Portals of Torsh is a supplement for fantasy role-playing games published by Judges Guild in 1980.

==Plot summary==
Portals of Torsh is a campaign setting supplement intended for mid-level player characters, set in the prehistoric fantasy world of Torsh that uses magic portals for travel. The supplement provides a short summary of the world (along with wilderness encounters), along with details on a human town and a lizardman town, as well as a short scenario that takes place in the tower of a lizard-wizard.

Portals of Torsh is a supplement that describes the small continent of Torsh which is mainly populated with lizard-men and prehistoric reptiles, with another plateau community populated by humans. The adventure includes encounters for dungeon, ruins, and wilderness environments. Teleportation portals, which were constructed by a lost race, have been scattered across the continent; one or more may be connected to the campaign world of the Dungeon Master to allow characters to travel to and from there.

Portals of Torsh is a module approved for use with AD&D that presents a world in which is an ancient race built a series of portals to connect their world to other worlds before that race died out. The supplement lists the various types and specifics of the portals along with tables so more portals can be generated for use in a campaign. The adventure involves a human colony that lives on a plateau of another world. Only lizards evolved on the world of Torsh, so Lizardmen are the dominant species, and native plants are a poisonous to humans. One plateau was settled by a group of humans that fled through another portal has been made habitable for their descendants.

==Publication history==
Portals of Torsh was written by Rudy Kraft, with a cover by Jennell Jaquays (Note: Credited as Paul Jaquays.), and was published by Judges Guild in 1980 as a 48-page book.

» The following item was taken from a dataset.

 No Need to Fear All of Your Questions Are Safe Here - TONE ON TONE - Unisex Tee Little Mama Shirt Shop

Portals of Torsh is the first supplement released for the Portals series, depicting adventure sites which have been connected to each other through a series of interplanetary or interdimensional portals for teleportation.

==Reception==
Aaron Allston reviewed the adventure in The Space Gamer No. 31. He commented that "Anyone really interested in a pre-fab lizard-man continent may want to look at this one." He stated that "This adventure has one advantage in that it is specifically designed to be accessible by any number of campaigns" because of the portals, but added that "logical access is not that big of a plus. The adventure is simply not very interesting. Characters can wander around wasting monsters, gathering loot, and gaining experience, all without having much fun." Allston concluded his review by stating "Overall, this supplement will probably appeal only to those DMs who aren't imaginative enough to create something better."

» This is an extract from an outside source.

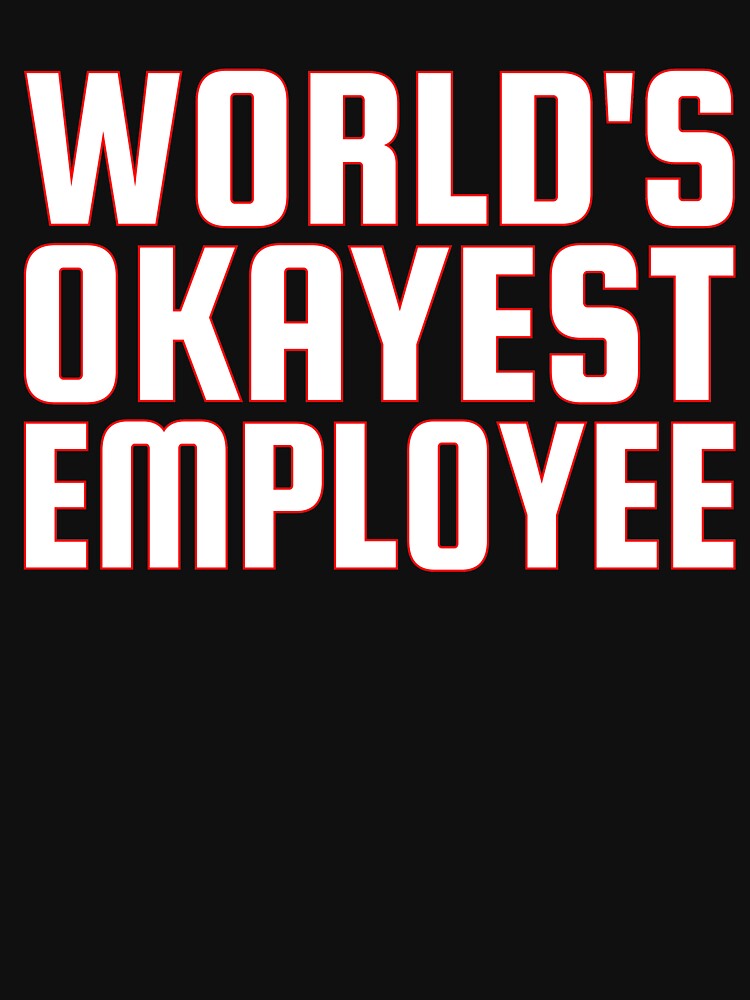 world-s-okayest-employee-funny-employee-gifts-tshirt-t-shirt-by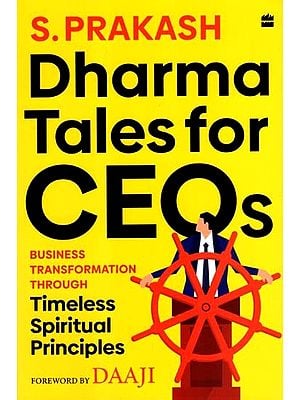 Dharma Tales for CEOs- Business Transformation through Timeless Spiritual Principles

Portals of Torsh was reviewed in Dragon #44 (December 1980) by William Fawcett. He noted that the portals in the adventure were "interesting and bear an obvious resemblance to those of D.J. Cherryh and other science-fiction novels using a similar approach". He commented that "Most of the module is based upon the interaction of the humans with the more numerous and physically stronger lizardmen. The slowly poisonous environment is a unique touch that will make your players pay more attention to some fundamentals of survival that are often overshadowed by the magic and combat." Fawcett added: "An even more detailed than normal background is given on the planet, its economy, societies, etc. and comprises a significant part of the module. An adventure in this module will be a 'wilderness' adventure (as opposed to a 'dungeon' adventure) in that there are no detailed goals. This allows for more variety, but gives the DM a lot more to prepare." He commented on the presentation: "Several maps are given, some covering an entire continent. Most are given without scale and the most detailed will show only sections of a city. Greater detail is then left for the judge to contribute. There are many ideas that are worth utilizing in the module. A detailed handling of dinosaurs (earth-type) is included, plus several tables that would be useful for generating encounters on any lost plateaus on your own earth. The art is again visually pleasing, but most often is not directly related to the material being discussed on the same page." Fawcett concluded his review by saying, "This is a module that could be the basis of an entire campaign. There is certainly enough here to make the next curse (or teleport trap) to another planet more than a passing frustration. There is even the means of eventual return, via another portal."